The older attending explained further. “In codes, at some point you’ve gotta know that no ATLS/PALS/BLS or ACLS crap is going to carry the day. This is the perfect time to delegate authority to the junior resident or the first-year student to take over for a while and direct the team. Make sure everybody gets to handle the Team Captain job for at least a little while. While they code the patient for four or five more rounds of whatever ain’t working, you need to go out and assess the family situation. Get the lay of the land. See if you can find out who is the eldest brother or sister. Identify all present strong, silent types. Who is the spouse or girlfriend? Who looks really fragile — very key! Make sure your social worker is called STAT. Likewise, the chaplain, the priest, the rabbi. Make damn sure there are enough chairs. Didn’t you ever notice that your attending always seems to disappear late in your codes? That’s when they’re out giving the ‘Fluffy is Out on the Roof’ speech. You are an attending now. Tell them that the team is doing everything they can but it’s not looking good. Then go back and see if there were any miracles. Give the family some time to prepare for the bad news for Christ's sake!”
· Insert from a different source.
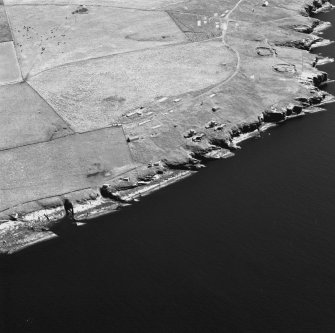 Oblique aerial view of Orkney, South Ronaldsay, Hoxa Head, taken from the NW.  Visible is the Second World War Balfour Battery and in the background the First World War Hoxa Battery with the rock-cut entrances to the magazines.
I continued to learn a lot of tricks from this attending over the next seven years. He taught me a lot of things that, strangely, weren’t in the textbooks. Now, I think that the “Fluffy Talk” absolutely belongs in a textbook chapter somewhere. I use it a lot more than I do cricothyroidotomies.
Bill Maguire's first job out of high school was as an "ER" orderly (not a mistake, this was back when ERs were just rooms). After med school, he did residency in emergency medicine, where he's been ever since.